Last month, Bits and Pieces editor Ian challenged us to provide some insight into winter flying. I don’t have any wisdom to share about winter other than it is usually cold and I have a severe reaction to same.

Back when the world was still flat (1983), I did have one trip that I found educational and reinforced the need to treat weather forecasts with some scepticism. It was on a bright sunny spring morning in May, and a flight through the Fraser Canyon to Kamloops, on to Kelowna and back to Langley was planned. The forecast was clear and a million. The trip was to include an instructor and three new pilots who all needed to get a mountain check before being allowed to take one of the school’s rental airplanes any where east of the lower mainland.

The route between Hope and Princeton

Change being the constant, one of our threesome cancelled, and so the leg to Kelowna was dropped. I flew the first leg to Kamloops through the Fraser Canyon; all the while being instructed on when to make the obligatory 180 when the weather goes south. The canyon is generally wide enough to permit such shenanigans with no stress on that day as the WX was severe clear.

Free of any drama, we landed in Kamloops and changed seats with me now in the back of the C172. To take the maximum advantage of both the time and expense, I got my charts out (remember those?) and loosened my belt to allow me to move around and practice map reading.

As we left Kamloops the sky was overcast but not a problem. However, as we neared Merritt, it was lower and by Princeton it was starting to concern yours truly. You see, I knew the road from Princeton to Hope very well.

As we headed west it became necessary to get lower and lower in the valley in low cloud and SNOW! Remember, this was May and the visibility had gone from poor to bad to awful.

While passing by the Hope Slide, deep in the narrowing valley and while looking up at the cars on the highway, I started to express my concern to the instructor. As I said earlier, I knew the highway very well and was very concerned that at our height or distinct lack of same, we were not going to make the upcoming 90-degree right turn. Continuing on was going ruin everyone’s afternoon.

My increasingly loud and vocal suggestions were that we make the 180 back to the base of the slide. There I had seen a stretch of new, unpaved road construction that would be just perfect for the by-now very necessary precautionary landing.

The instructor finally complied with my suggestions as he had either seen the error of our ways or perhaps it was just to shut me up.

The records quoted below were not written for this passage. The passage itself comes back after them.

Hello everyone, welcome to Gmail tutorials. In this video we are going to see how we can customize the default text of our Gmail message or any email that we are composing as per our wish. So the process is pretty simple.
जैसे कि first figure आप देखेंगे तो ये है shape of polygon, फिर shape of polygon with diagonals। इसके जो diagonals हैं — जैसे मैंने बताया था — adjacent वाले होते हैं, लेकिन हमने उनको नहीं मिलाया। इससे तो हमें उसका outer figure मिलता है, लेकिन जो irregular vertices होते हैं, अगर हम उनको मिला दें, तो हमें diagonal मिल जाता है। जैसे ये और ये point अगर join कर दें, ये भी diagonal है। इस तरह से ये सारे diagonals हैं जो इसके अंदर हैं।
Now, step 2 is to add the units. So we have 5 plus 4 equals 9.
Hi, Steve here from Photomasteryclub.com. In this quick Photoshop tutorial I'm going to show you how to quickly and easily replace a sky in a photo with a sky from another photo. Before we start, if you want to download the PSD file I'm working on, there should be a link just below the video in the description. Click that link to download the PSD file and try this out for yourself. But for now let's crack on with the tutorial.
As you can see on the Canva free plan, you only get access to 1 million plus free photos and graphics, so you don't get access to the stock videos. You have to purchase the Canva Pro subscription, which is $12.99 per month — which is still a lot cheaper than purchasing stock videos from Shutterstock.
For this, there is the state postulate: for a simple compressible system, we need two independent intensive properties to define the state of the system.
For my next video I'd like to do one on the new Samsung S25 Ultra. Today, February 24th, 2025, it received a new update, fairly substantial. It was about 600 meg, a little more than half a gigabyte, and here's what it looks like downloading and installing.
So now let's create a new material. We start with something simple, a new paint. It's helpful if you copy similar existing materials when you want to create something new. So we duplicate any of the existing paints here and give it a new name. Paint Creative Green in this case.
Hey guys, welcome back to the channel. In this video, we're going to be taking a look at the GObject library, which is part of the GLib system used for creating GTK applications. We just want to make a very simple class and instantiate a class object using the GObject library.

 Anyway, all is well that ends well. A local realtor offered hot chocolate and donuts while we waited for the snow to stop. Eventually it did and the remainder of the lesson was uneventful.

One takeaway from all of this could be: Make sure to always have a back door as the weather prognosticators may not have all the data. Winter may not end as scheduled on March 20.

Oh yes, one more item. While enjoying the snack, the realtor’s phone rang which he then passed to me, apparently as the oldest present, he thought I was in charge. It was the RCMP calling as several drivers up on the highway had stopped into the office to report an airplane in trouble by the slide. Nice people.

Some history about the Hope Slide.

  • On January 9, 1965, just west of Manning Park, half of a 6,500 foot mountain fell into the valley below, covering two miles of highway up to 500 feet deep with rock and mud, burying several vehicles and killing four people. Two of those bodies have never been recovered. This slide left a huge scar on the mountain side which today is a clear marker for light planes following the VFR route through the Cascades Mountain Range. At least two weather-related crashes have occurred on the slide accounting for eight fatalities. Both of those occurred in the month of April. The chart for this area advised that it is subject to rapid weather changes and that was definitely happening.